*** DATA PROVIDED ***
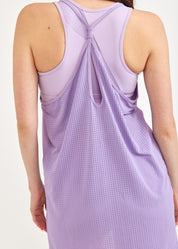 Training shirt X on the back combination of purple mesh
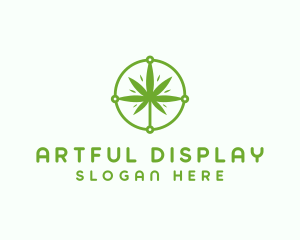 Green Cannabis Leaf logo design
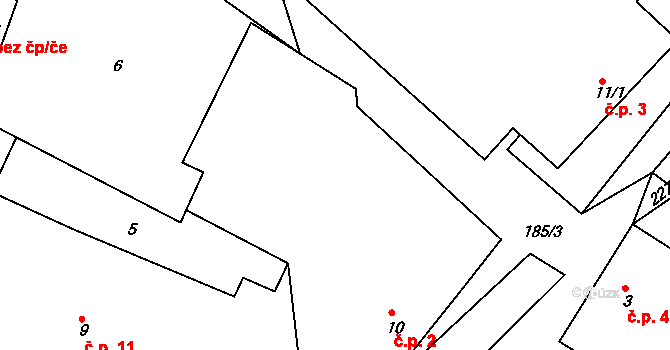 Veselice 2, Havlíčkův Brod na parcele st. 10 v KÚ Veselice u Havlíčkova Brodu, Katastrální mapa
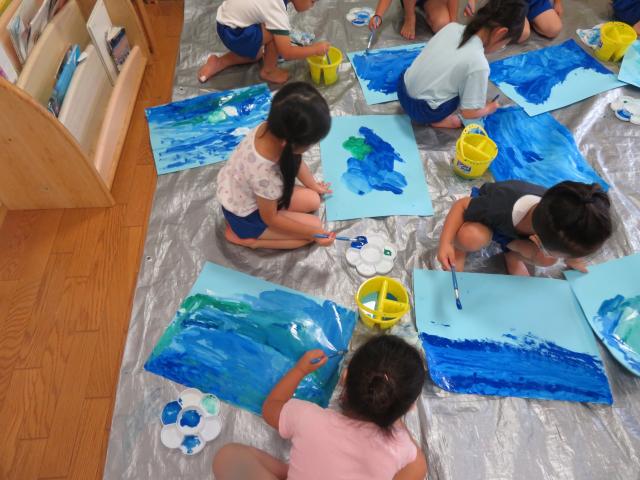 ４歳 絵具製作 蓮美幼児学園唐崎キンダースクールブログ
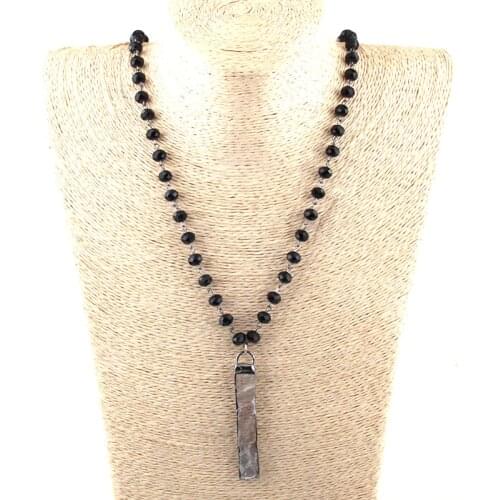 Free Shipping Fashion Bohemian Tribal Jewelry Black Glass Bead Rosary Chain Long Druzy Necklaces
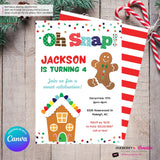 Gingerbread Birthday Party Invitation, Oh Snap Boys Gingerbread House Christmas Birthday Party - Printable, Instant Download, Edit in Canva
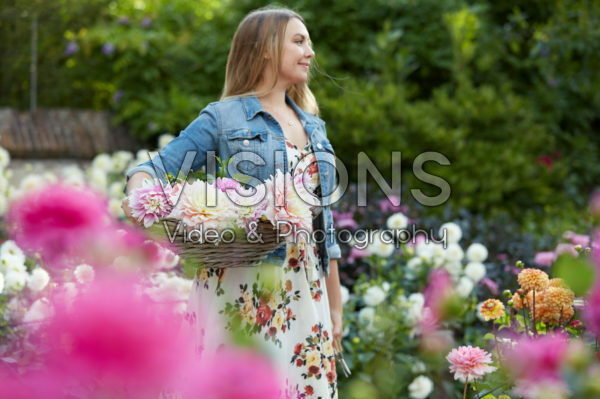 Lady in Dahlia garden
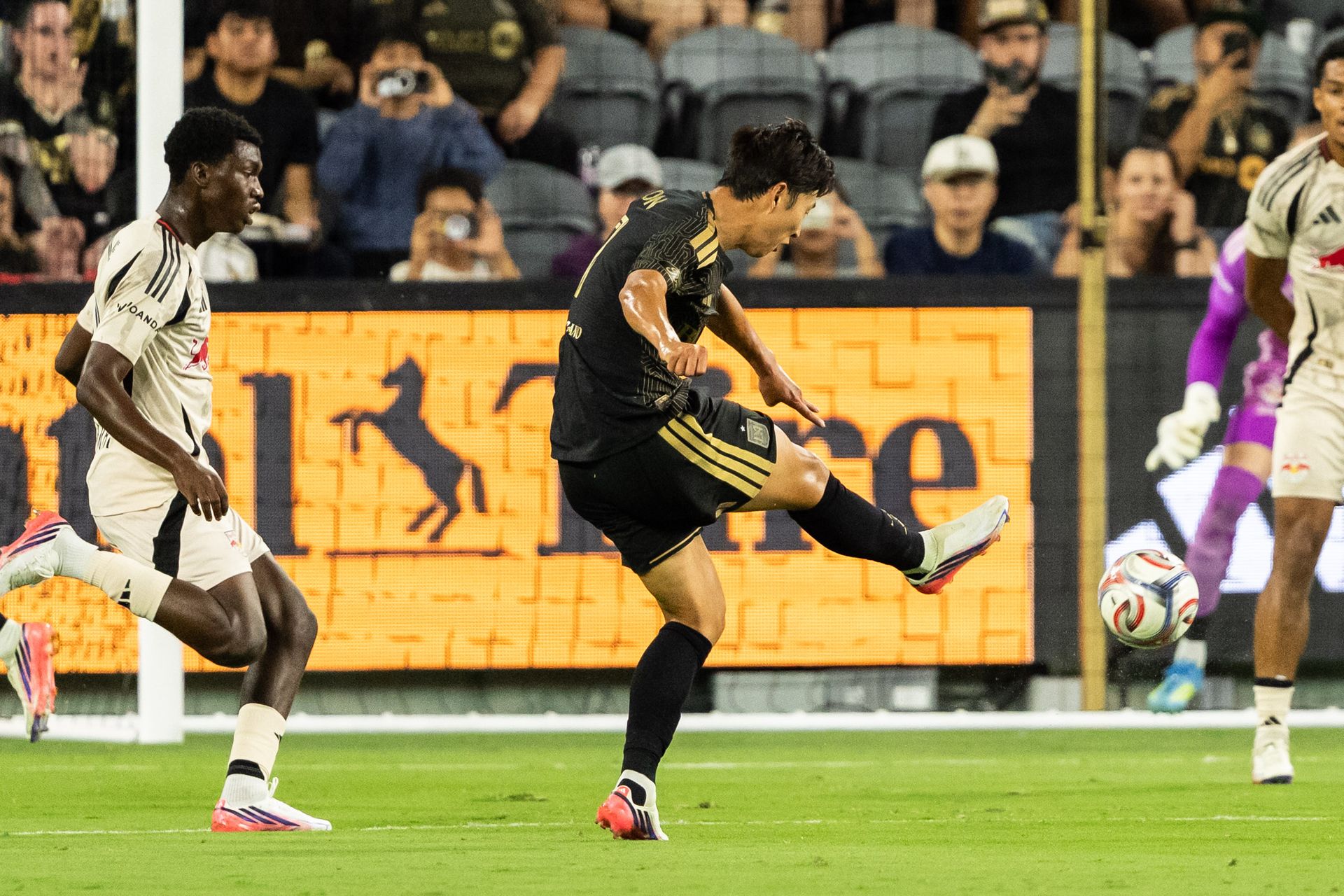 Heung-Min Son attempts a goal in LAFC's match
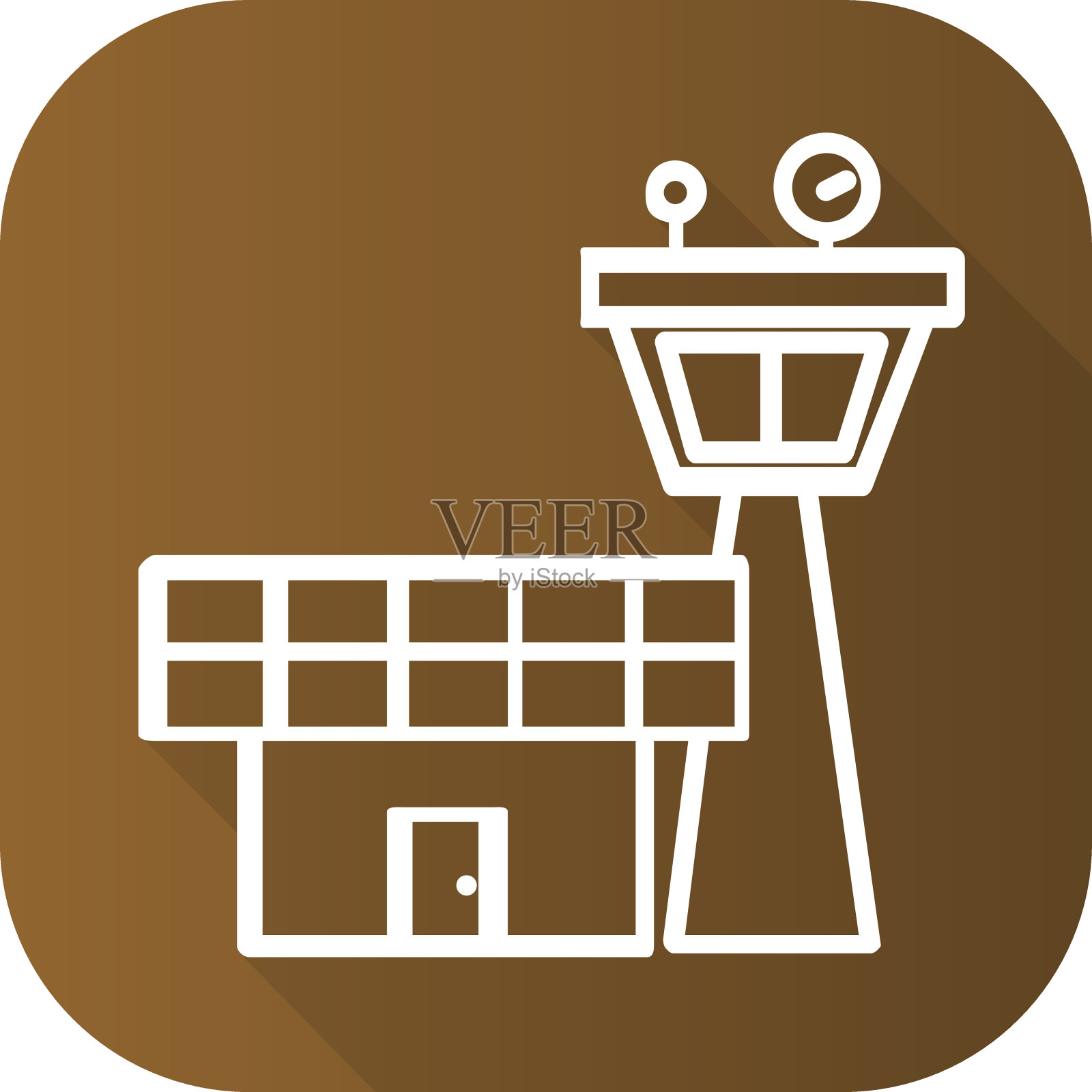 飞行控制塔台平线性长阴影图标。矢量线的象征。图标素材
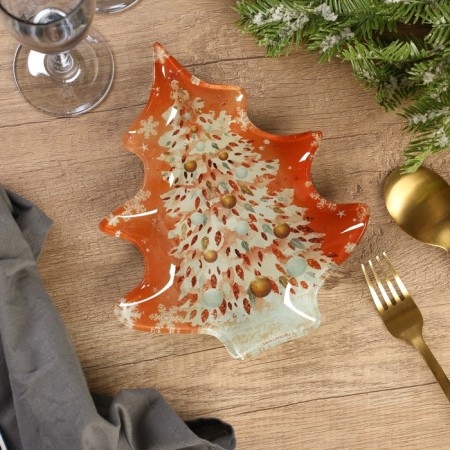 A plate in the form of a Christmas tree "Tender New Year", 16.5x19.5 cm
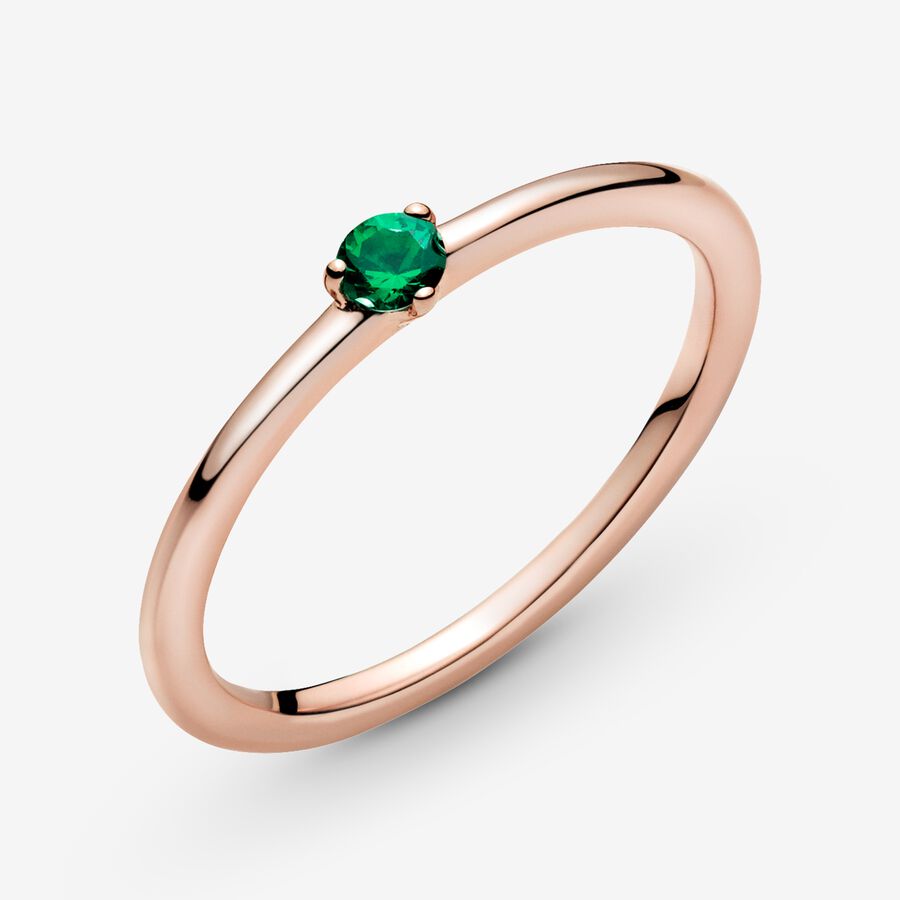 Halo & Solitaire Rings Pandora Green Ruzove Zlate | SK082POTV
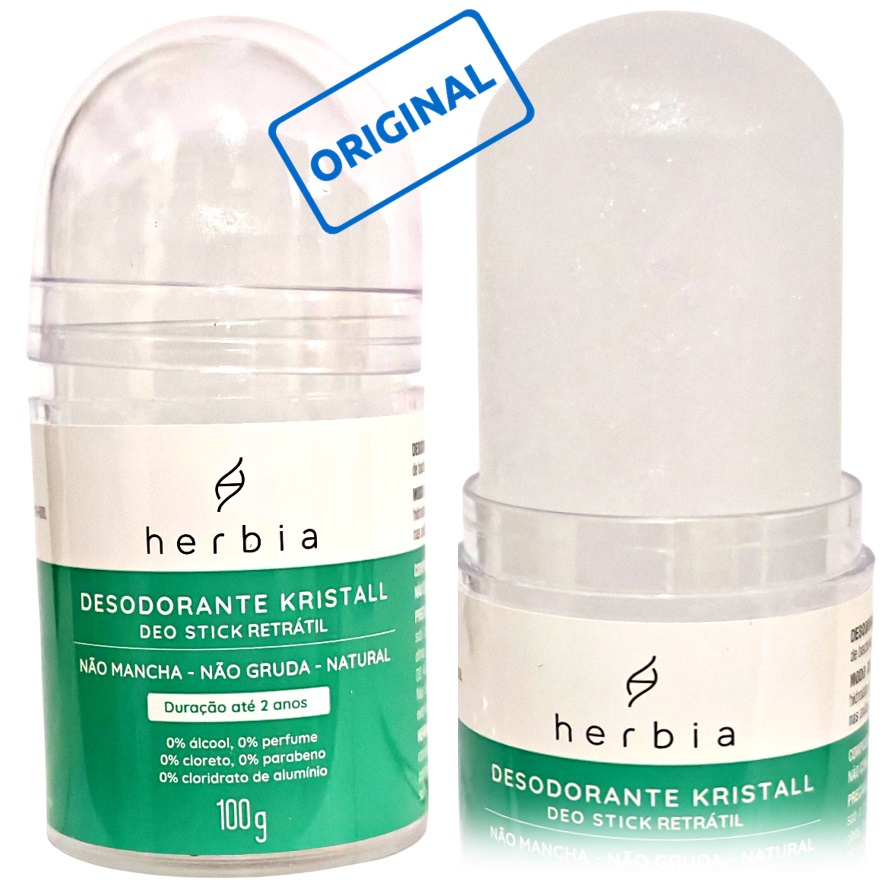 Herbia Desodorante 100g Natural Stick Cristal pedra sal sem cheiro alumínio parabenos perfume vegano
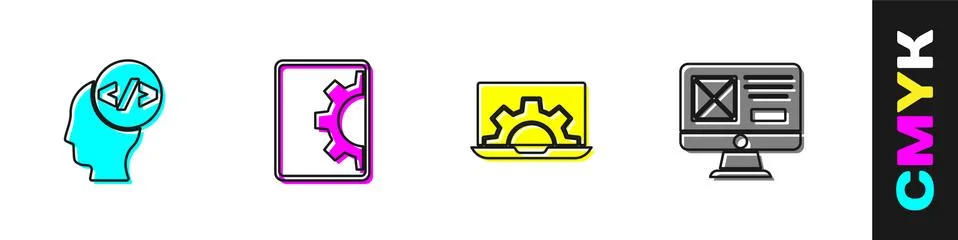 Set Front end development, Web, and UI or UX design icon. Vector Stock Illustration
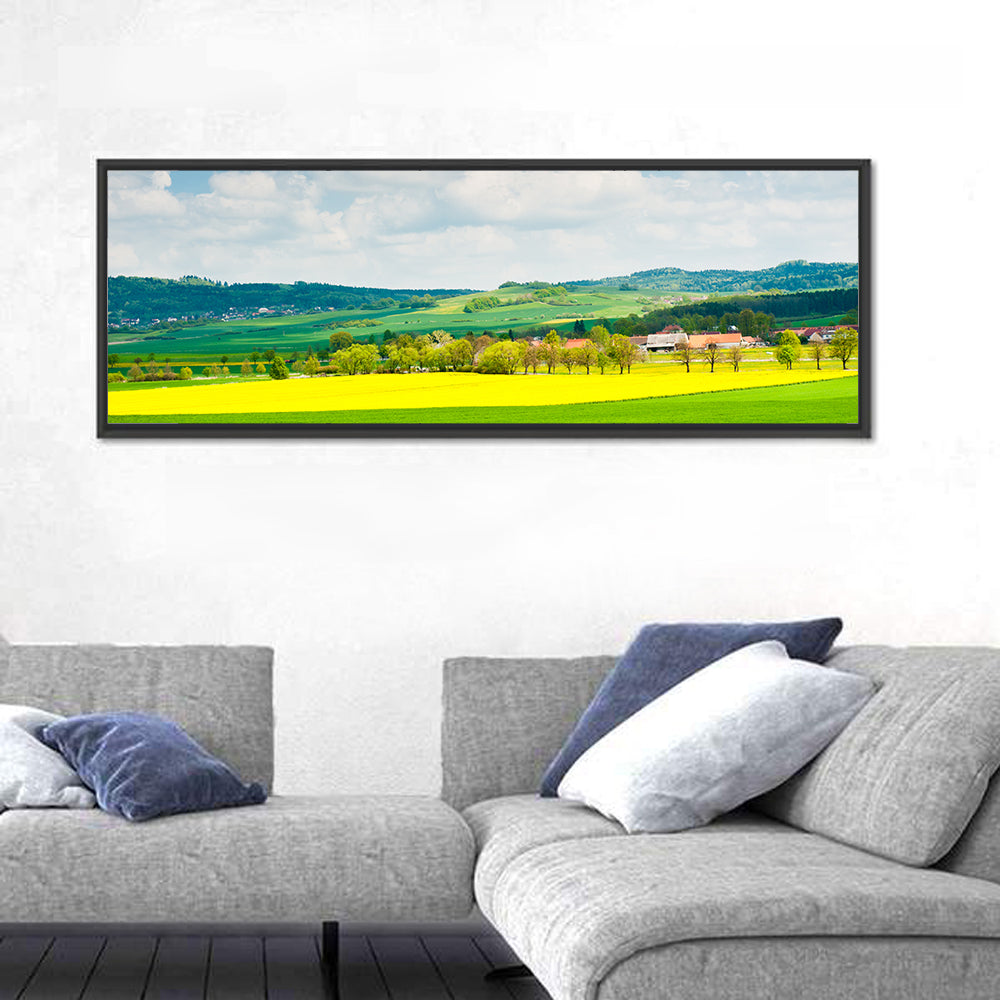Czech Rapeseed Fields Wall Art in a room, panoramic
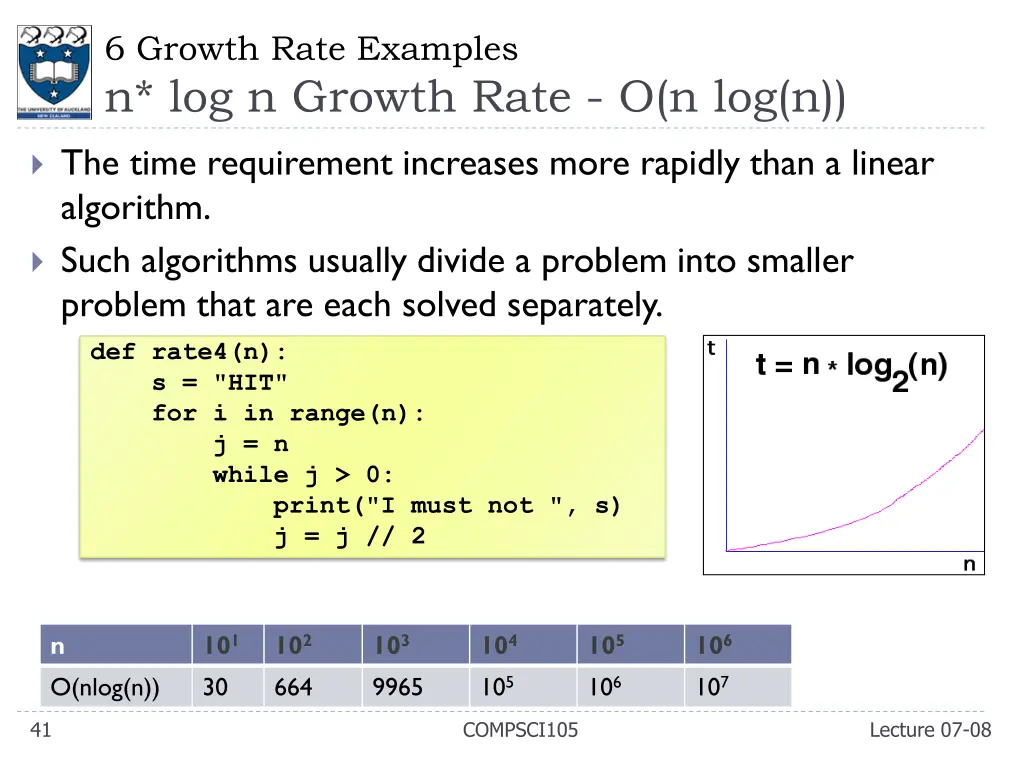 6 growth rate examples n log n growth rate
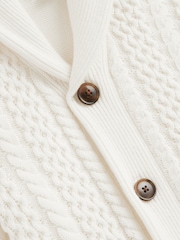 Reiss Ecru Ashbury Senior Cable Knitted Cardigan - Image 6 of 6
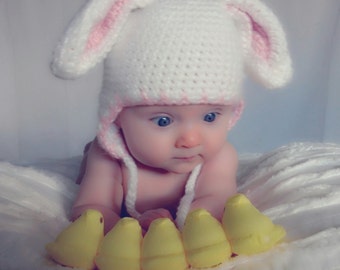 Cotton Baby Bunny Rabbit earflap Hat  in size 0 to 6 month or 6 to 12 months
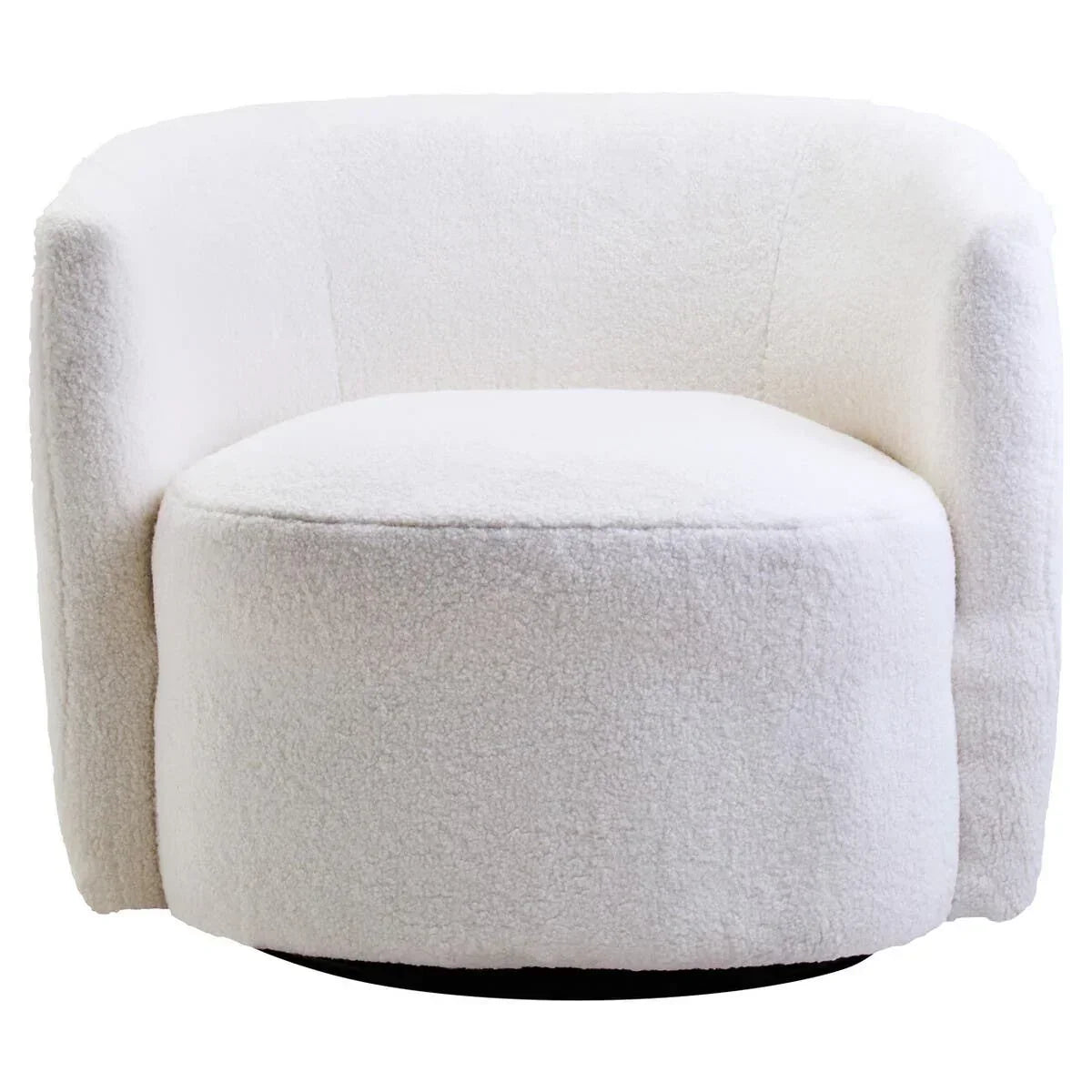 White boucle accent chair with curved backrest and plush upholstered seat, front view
***
▶ _WHAT YOU WILL DO_
What is needed is the data above, retyped exactly, with every picture left out.

▶ _WRITTEN ANSWER_
 Training shirt X on the back combination of purple mesh
 Green Cannabis Leaf logo design
 Veselice 2, Havlíčkův Brod na parcele st. 10 v KÚ Veselice u Havlíčkova Brodu, Katastrální mapa
 ４歳 絵具製作 蓮美幼児学園唐崎キンダースクールブログ
 Free Shipping Fashion Bohemian Tribal Jewelry Black Glass Bead Rosary Chain Long Druzy Necklaces
 Gingerbread Birthday Party Invitation, Oh Snap Boys Gingerbread House Christmas Birthday Party - Printable, Instant Download, Edit in Canva
 Lady in Dahlia garden
 Heung-Min Son attempts a goal in LAFC's match
 飞行控制塔台平线性长阴影图标。矢量线的象征。图标素材
 A plate in the form of a Christmas tree "Tender New Year", 16.5x19.5 cm
 Halo & Solitaire Rings Pandora Green Ruzove Zlate | SK082POTV
 Herbia Desodorante 100g Natural Stick Cristal pedra sal sem cheiro alumínio parabenos perfume vegano
 Set Front end development, Web, and UI or UX design icon. Vector Stock Illustration
Czech Rapeseed Fields Wall Art in a room, panoramic
 6 growth rate examples n log n growth rate
 Reiss Ecru Ashbury Senior Cable Knitted Cardigan - Image 6 of 6
 Cotton Baby Bunny Rabbit earflap Hat  in size 0 to 6 month or 6 to 12 months
 White boucle accent chair with curved backrest and plush upholstered seat, front view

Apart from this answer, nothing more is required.